If you’re looking for an excuse to celebrate the next time you’re traveling in Europe, make sure to time your visit with your name day.
“[A] name day is bigger than a birthday,” Aija Tamsone informed me as she showed me around her native city of Riga. Coincidentally, and luckily for me, “Erik Day” in Latvia was in just a couple of days—something she remembered off the top of her head because it also happened to be the name day for Ines, her daughter (Latvian calendars often include up to four names each day).
“Then we’ll have to celebrate,” I said.

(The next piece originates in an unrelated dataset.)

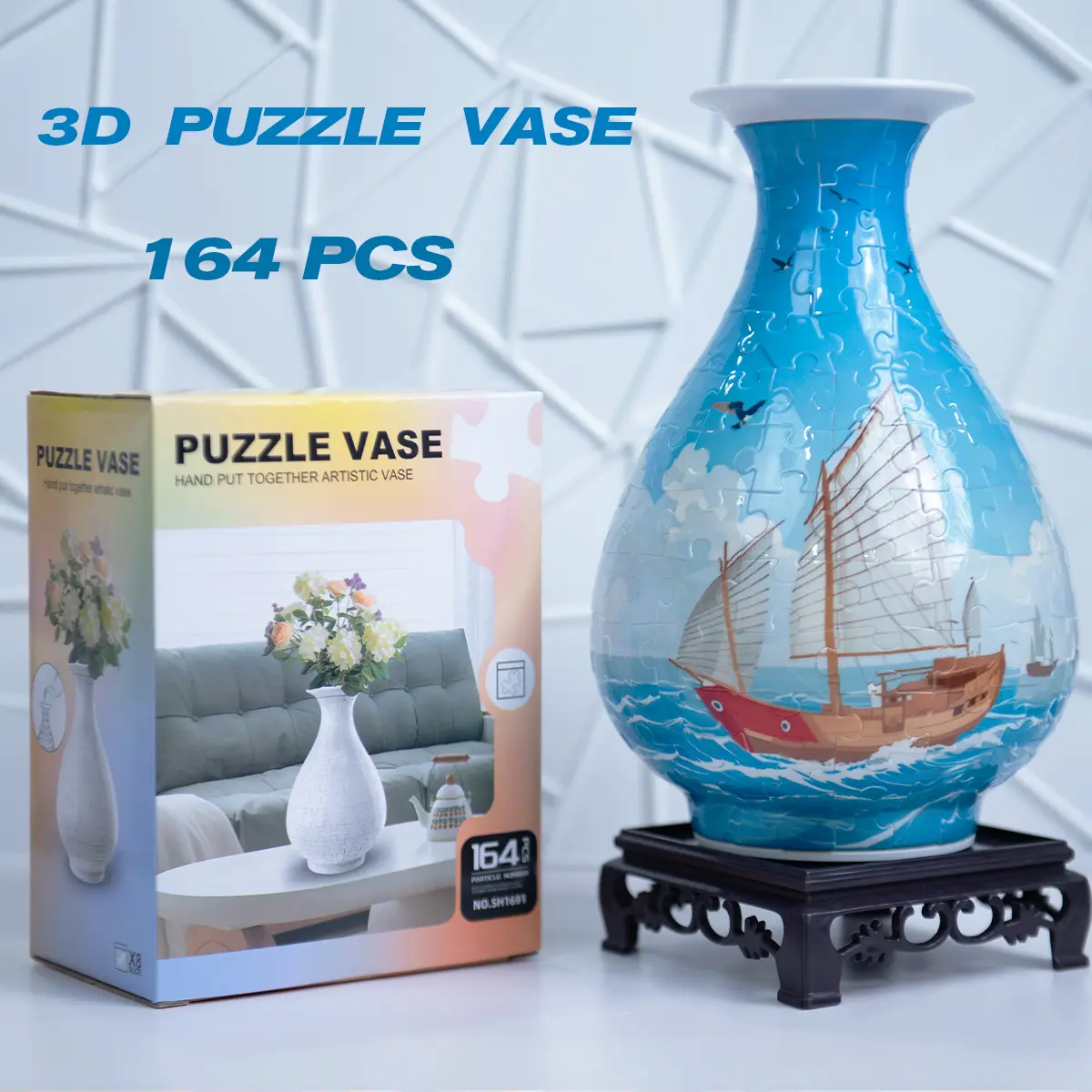 164 Pcs 3D Art Puzzle Vase, DIY 3D Vase Puzzle 164 Pieces – Unique Home Decor & Gift Idea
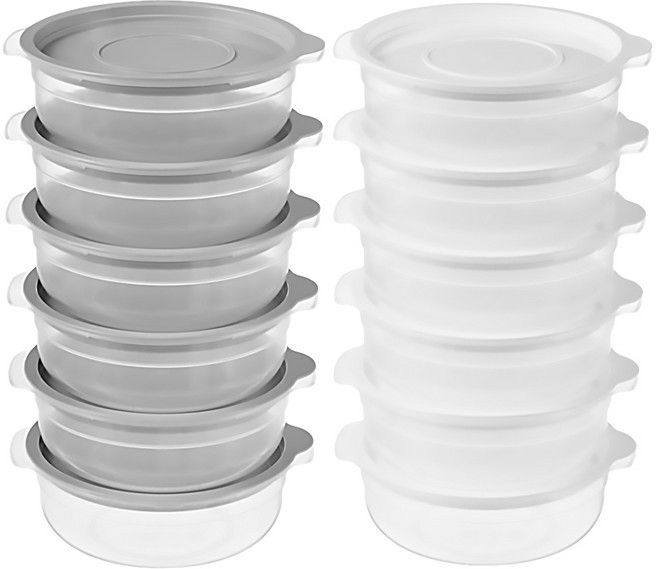 comet 可微波圓形保鮮盒, 12個容器 + 12個蓋子, 1組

We went to her home in Mežaparks, the green “forest park” district of the city, where a small shindig was already under way. The gathering of friends and family may have been unrelated to my name day, but at least I had a culturally inspired reason to be festive.
In Latvia, and several other European nations, name days are kind of like a second birthday, in which receiving happy wishes—and sometimes gifts—are in order if you share the moniker specified on the calendar. The origin of the custom can be traced to the Catholic calendar of saints, which dictated when feasts would be held to venerate a particular saint.
These days, the tradition is a lot more secular, and observed with varying levels of enthusiasm. Much like a birthday, you don’t necessarily have to celebrate on your actual name day; the closest weekend works just fine in a pinch.
It was with this in mind that I toasted my new Latvian friends—“Priekā!”—with a shot of vodka as we sat on the Tamsones’ backyard deck that Friday, two days prior to Erik and Ines Day. It was the first drink of many that evening, interspersed between samplings of food and bursts of laughter as Aija’s husband Ivars reminisced about the old days.
At one point, the revelry included an inebriated sing-along of “Bēdas Manu Lielu Bēdu” (“Sorrow, My Big Sorrow”), a traditional Latvian folk number that everyone remembered from childhood—everyone but me, of course. But I didn’t feel like an outsider; my name day was a great icebreaker.
Name Day Outside Latvia
However, name day celebrations don’t take the same form everywhere. To suss out the differences, I asked folks from other name day-observing countries to tell me about the rituals they grew up with, and got varied responses:
In Slovakia, name days are much less important than birthdays, at least according to Zuzana Jedinakova. “We visit each other and bring some small gift—chocolate, a bottle of wine, or alcohol. For children, we buy toys and sweets. Grandparents usually give money. But in each family it’s individual,” she said. “Some people celebrate it more, some less… My friends from Greece and Cyprus celebrate name days, [but] they just send an SMS or call each other.”
The tradition may be on the wane elsewhere as well. “It’s not as big as it used to be,” said my Croatian friend J.P. Stanišić. “Now, if celebrated at all [in Croatia], it might be just a little party with close family, but nothing big,” he said. “The only celebrations would be if you were maybe named after a major saint or if a bunch of people in the same family were named after one saint.”
“For the women, it is usually easy,” Stanišić added. “Most are named Marija.”
Over in Poland, Anna Przyłuska says name days are quite popular. “Sometimes people celebrate it in place of birthday—usually older people not willing to tell how old they are! Of course, there are also people not celebrating the name day at all.”
My friend Peppe Hanzon, who hails from Svenljunga, Sweden, reported that “mostly people call and say, ‘Hey, it’s your name day! What’s up?’ and that’s it.” Some people don’t bother at all about name days, he continued. “Birthdays are much bigger. But in my case, my name day is on my birthday.”
Having a name day on or close to a birthday isn’t unheard of, as I learned from one of my new acquaintances at the party in Latvia. One woman had a birthday on the 11th of June, and a name day on the 12th. “Some parents do that on purpose,” she told me. “Only one gift!”
Gifts or no gifts, whether or not you need a reason to celebrate when traveling in parts of Europe, make sure you check the name day calendar for the country you’ll be visiting anyway (name days vary from country to country). Then it’s up to you as to how little or how festive you want to get—but, at the very least, you can try to use it as an excuse of entitlement to a small favor or a free drink from a bartender.
But what if your name is too unique? In some European countries, such as Germany and Poland, the name you can give a baby is regulated by the government, so there isn’t that issue—thus no name day for you. But don’t worry. In Latvia, the day for names not listed on any other date is May 22.
My apologies if that is already your birthday, giving you no reason for bonus gifts. If that’s the case, you can always celebrate your half-birthday (November 20 or 22, depending on how you slice it) abroad.